Volviendo a mi admiración por las libélulas, reconozco que de ellas me gusta todo. Me gusta hasta el nombre: Libélula. Me gusta su forma, sus colores, sus alas, y me gusta esa manera impredecible que tienen de volar. Nunca sabes bien hacia donde van. Suben, bajan, giran y de pronto retroceden, porque también pueden volar hacia atrás. Volar de esa forma entrecortada, llena de cambios de dirección, les da un cierto aire mecánico, casi robótico. Y es que pueden mover cada una de sus cuatro alas independientemente, por eso llegan a hacer maravillas, como giros de hasta 270º e incluso volar boca abajo. La naturaleza les ha regalado un diseño de primera clase. Son afortunadas.

Las libélulas saben aprovechar bien la vida. Sobre todo de adultas. Tres cuartas partes de su vida son ninfas acuáticas. Nacen en el agua de algún pantano o de algún río y allí, nadando tranquilamente, prolongan la infancia hasta casi la vejez. Cuando son adultas, cambian radicalmente de aspecto y con la aparición de esas potentes alas, dedican lo que les queda de vida a volar. A volar y a conocer mundo. La fase adulta dura muy poco en comparación con la de ninfa acuática y, quizás por eso, aprovechan el tiempo al máximo.

Leí hace poco que es el insecto que más lejos vuela. Aprovechando las corrientes de aire, llegan a hacer viajes migratorios de hasta 18.000 km. Yendo, por ejemplo, desde India hasta África. Me las imagino volando y mirando el mundo desde arriba, con esos ojos que pueden ver en todas las direcciones a la vez. Cruzando mares y países. Viendo pueblos y vidas diferentes. Montañas y campos, cielos y océanos. ¡Qué maravilla!

Dicen que las libélulas no tienen miedo, por eso es fácil verlas volando cerca, mirándote con curiosidad. Y por cierto, no pican. Mucha gente se asusta y las espanta de un manotazo. Ellas sólo están observando el mundo. Aprendiendo.
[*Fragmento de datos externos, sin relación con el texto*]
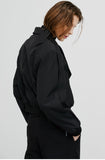 イーエスシースタジオ(ESC STUDIO) scarf blouson(black)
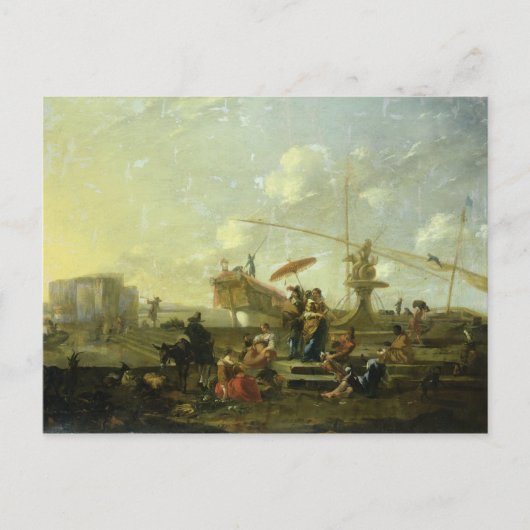 De oude haven van Genua Briefkaart (Voorkant)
Nosotros podríamos aprender de las libélulas, por ejemplo, lo importante que es no acortar la infancia. Y mucho menos, tener prisa por ser mayor. Esa fase llega inevitablemente y es mejor que llegue cuando uno está realmente preparado, porque de esa forma sí que se disfruta y se aprovecha. Como ellas, como las libélulas, que sabiendo que están en la recta final, sienten absoluta curiosidad por todo. No me extrañaría nada que cuando se nos acercan estén diciendo entusiasmadas: «¡Un humano!», como si fuera la primera vez que vieran uno. Seguramente ellas, procuran también darse pequeñas alegrías a diario. Ese es el secreto.

Sin duda alguna son las que más partido le sacan a la vejez. Es la etapa de su vida en la que más saborean todo. Exprimen todo el jugo, apurando la vida al máximo. No me digan que, ya sólo por eso, no merece la pena observarlas, aprender de ellas y tenerlas como un maravilloso ejemplo a seguir. Yo quiero ser libélula.